* Exercise goal: Please return each of the entries exactly, minus their pictures.

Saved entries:

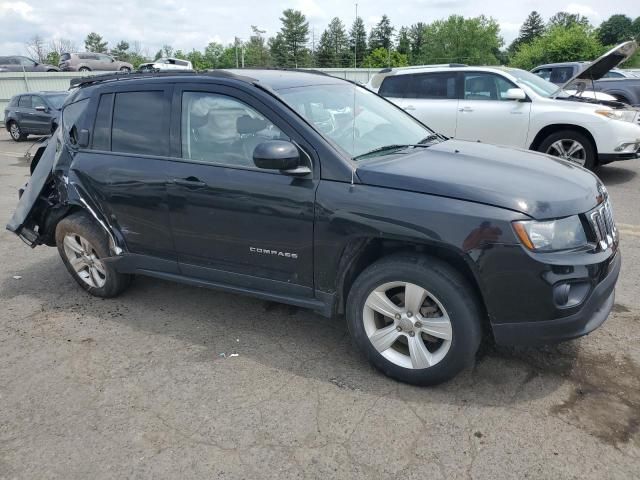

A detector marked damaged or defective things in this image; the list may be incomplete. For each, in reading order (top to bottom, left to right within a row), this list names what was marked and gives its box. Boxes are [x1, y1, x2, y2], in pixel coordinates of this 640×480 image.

exposed wheel well [528, 124, 596, 154]
damaged black suv [7, 70, 624, 386]
exposed wheel well [338, 239, 488, 328]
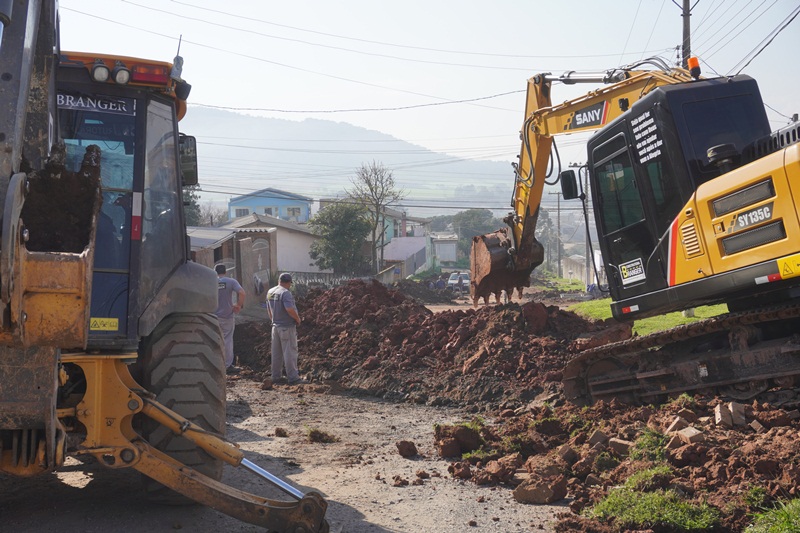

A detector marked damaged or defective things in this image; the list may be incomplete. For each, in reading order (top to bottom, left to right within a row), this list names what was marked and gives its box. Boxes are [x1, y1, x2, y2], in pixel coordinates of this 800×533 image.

broken concrete chunk [680, 424, 704, 444]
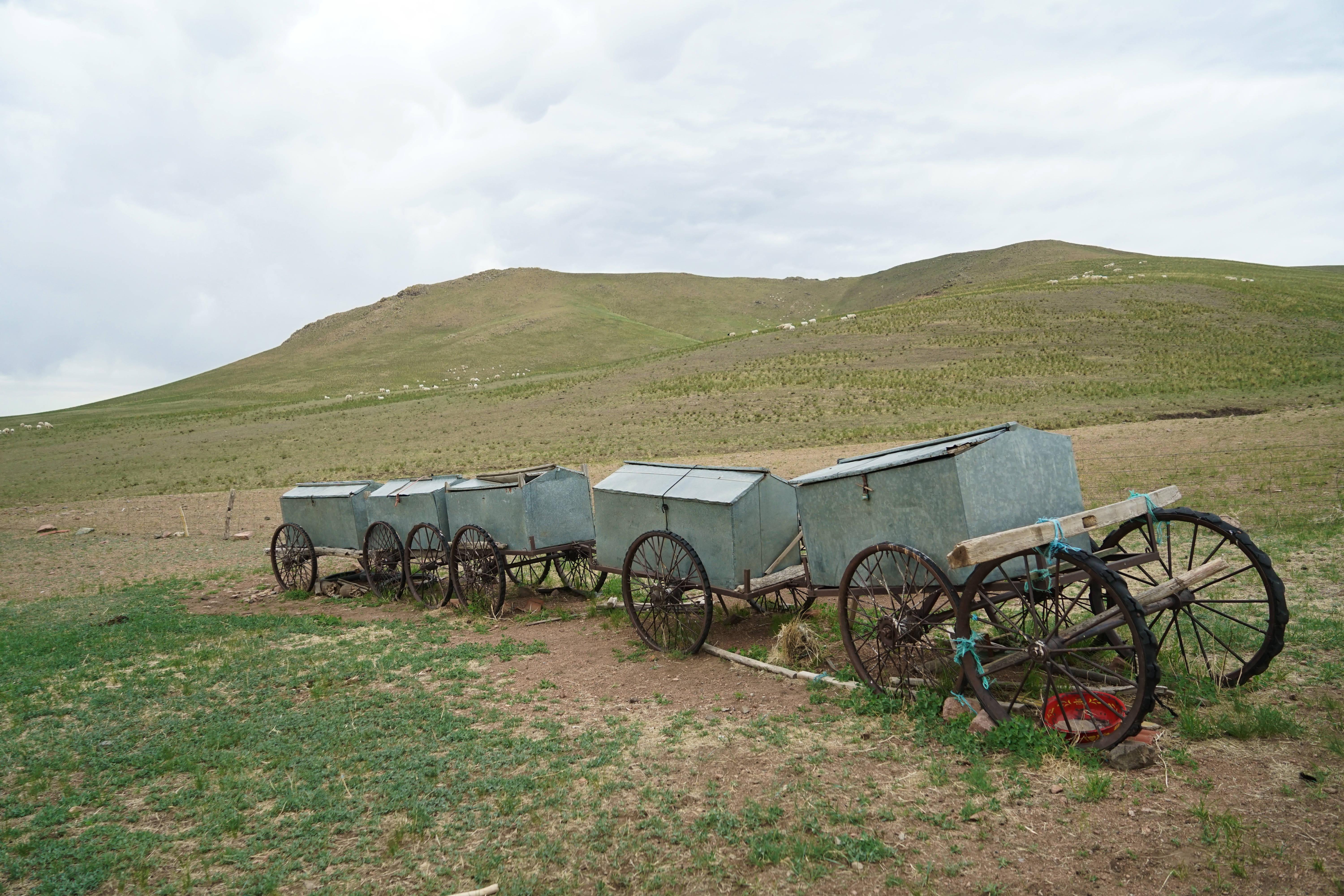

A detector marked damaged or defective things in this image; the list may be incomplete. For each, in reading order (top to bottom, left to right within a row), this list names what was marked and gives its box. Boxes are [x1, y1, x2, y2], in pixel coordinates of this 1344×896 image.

rusty metal wheel rim [270, 526, 317, 596]
rusty metal wheel rim [363, 518, 403, 602]
rusty metal wheel rim [403, 526, 452, 610]
rusty metal wheel rim [454, 526, 511, 618]
rusty metal wheel rim [621, 529, 715, 655]
rusty metal wheel rim [839, 543, 957, 698]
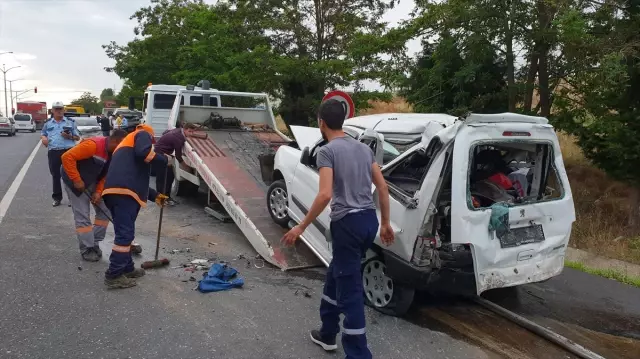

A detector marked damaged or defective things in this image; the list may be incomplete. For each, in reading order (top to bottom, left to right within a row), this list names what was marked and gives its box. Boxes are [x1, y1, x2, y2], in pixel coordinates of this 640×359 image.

damaged roof of van [344, 114, 456, 135]
broken window [468, 142, 564, 210]
white damaged van [268, 112, 576, 316]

* Answer to the exercise:
A detector marked damaged or defective things in this image; the list may be incomplete. For each, in reading order (top to bottom, left to right within a row), this list names what was marked and gives its box. Boxes are [x1, y1, x2, y2], in pixel coordinates of this 640×480 image.

exposed wheel well [528, 124, 596, 154]
damaged black suv [7, 70, 624, 386]
exposed wheel well [338, 239, 488, 328]

A detector marked damaged or defective things in this image; the list may be incomplete. For each, in reading order (top to bottom, left to right within a row), this list names what was marked and gives its box. Boxes are [x1, y1, x2, y2], in pixel coordinates of this 800×533 image.

broken concrete chunk [680, 424, 704, 444]

A detector marked damaged or defective things in this image; the list may be incomplete. For each, in reading order (top to bottom, left to right within a row), this list names what was marked and gives its box. Boxes are [x1, y1, x2, y2], in pixel coordinates of this 1344×896 image.

rusty metal wheel rim [270, 526, 317, 596]
rusty metal wheel rim [363, 518, 403, 602]
rusty metal wheel rim [403, 526, 452, 610]
rusty metal wheel rim [454, 526, 511, 618]
rusty metal wheel rim [621, 529, 715, 655]
rusty metal wheel rim [839, 543, 957, 698]

A detector marked damaged or defective things in this image; the list may be incomplete. For each, in reading order (top to bottom, left to right within a row), this list names what was marked and gives its box. Boxes are [x1, y1, x2, y2], in pixel coordinates of this 640×359 image.

damaged roof of van [344, 114, 456, 135]
broken window [468, 142, 564, 210]
white damaged van [268, 112, 576, 316]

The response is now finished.